Stored records:

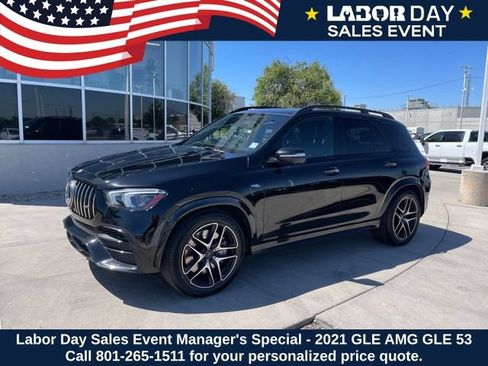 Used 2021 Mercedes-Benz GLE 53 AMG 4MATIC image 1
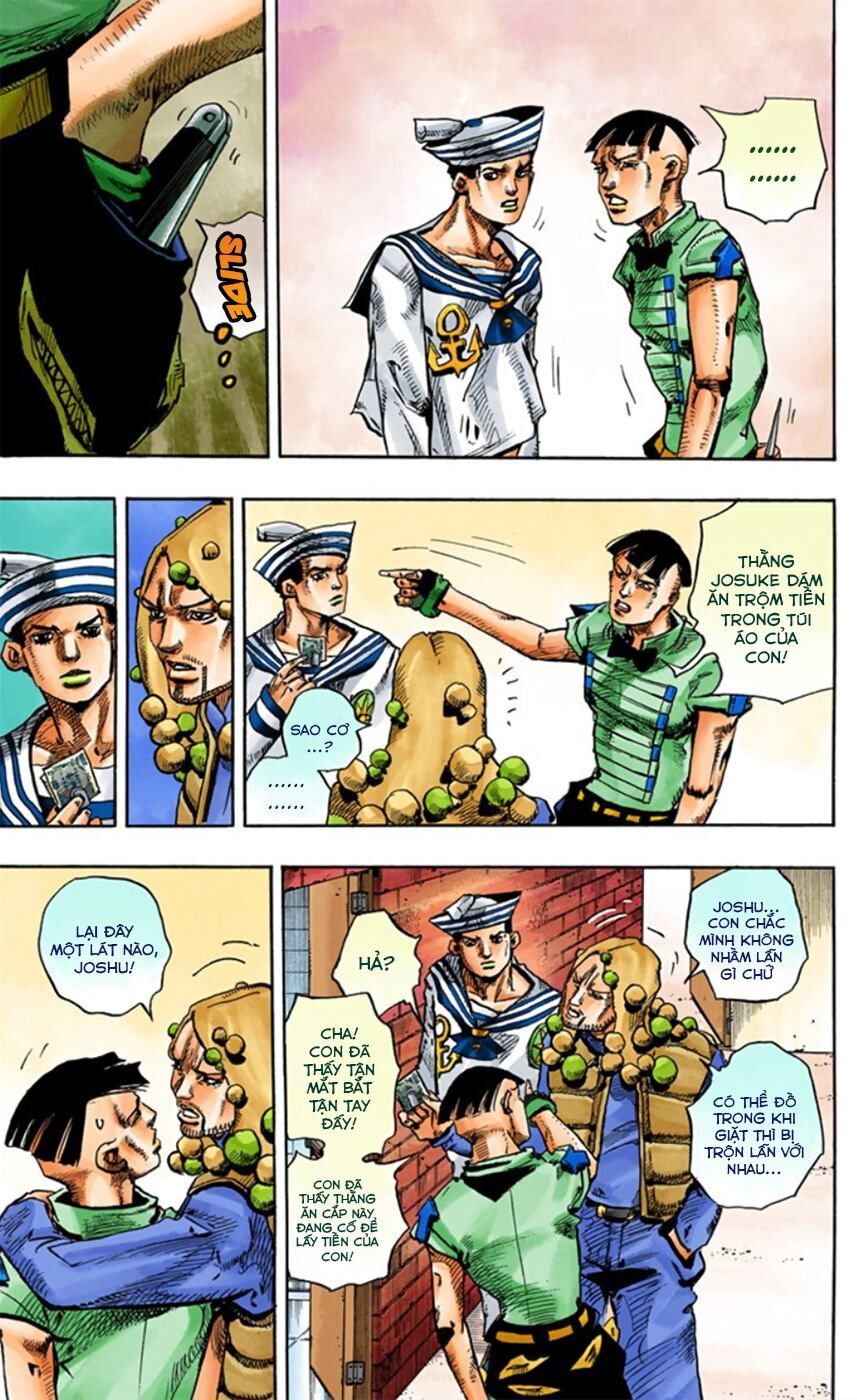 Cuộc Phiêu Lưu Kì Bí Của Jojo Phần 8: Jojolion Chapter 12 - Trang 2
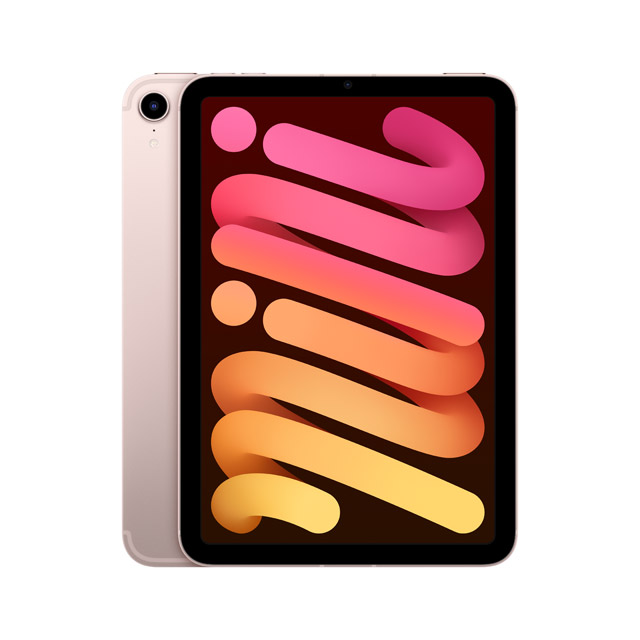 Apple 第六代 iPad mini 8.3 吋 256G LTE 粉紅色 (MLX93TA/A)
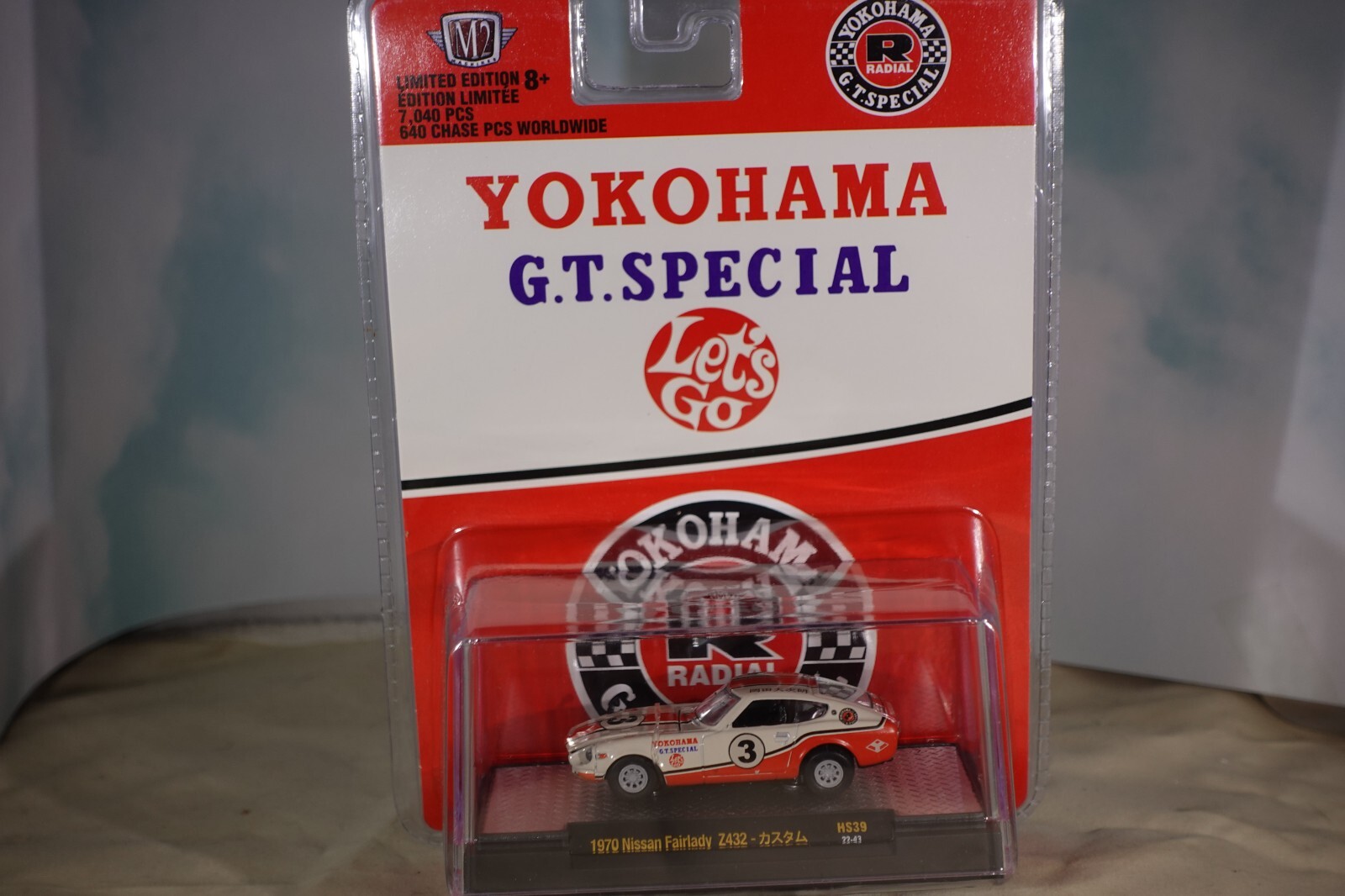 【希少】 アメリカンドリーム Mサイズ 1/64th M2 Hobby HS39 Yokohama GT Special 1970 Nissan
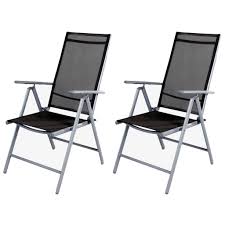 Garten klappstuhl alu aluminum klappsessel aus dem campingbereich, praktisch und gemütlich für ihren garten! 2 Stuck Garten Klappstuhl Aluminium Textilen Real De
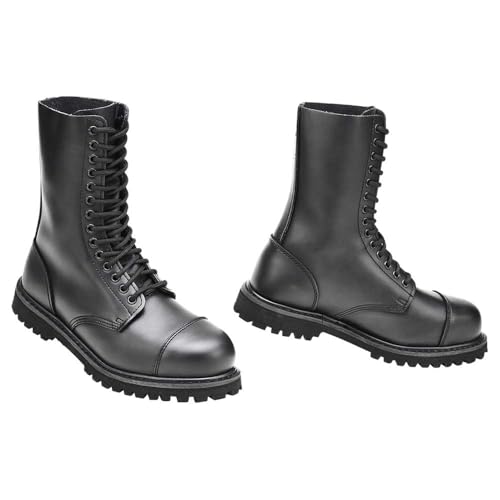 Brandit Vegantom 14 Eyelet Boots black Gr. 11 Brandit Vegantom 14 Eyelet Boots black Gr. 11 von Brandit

▸ **AIM OF THE EXERCISE**:
Restate the records above exactly, less any pictures.

▸ **ANSWER**:
 Used 2021 Mercedes-Benz GLE 53 AMG 4MATIC image 1
 Cuộc Phiêu Lưu Kì Bí Của Jojo Phần 8: Jojolion Chapter 12 - Trang 2
 Apple 第六代 iPad mini 8.3 吋 256G LTE 粉紅色 (MLX93TA/A)
 【希少】 アメリカンドリーム Mサイズ 1/64th M2 Hobby HS39 Yokohama GT Special 1970 Nissan
 Garten klappstuhl alu aluminum klappsessel aus dem campingbereich, praktisch und gemütlich für ihren garten! 2 Stuck Garten Klappstuhl Aluminium Textilen Real De
 Brandit Vegantom 14 Eyelet Boots black Gr. 11 Brandit Vegantom 14 Eyelet Boots black Gr. 11 von Brandit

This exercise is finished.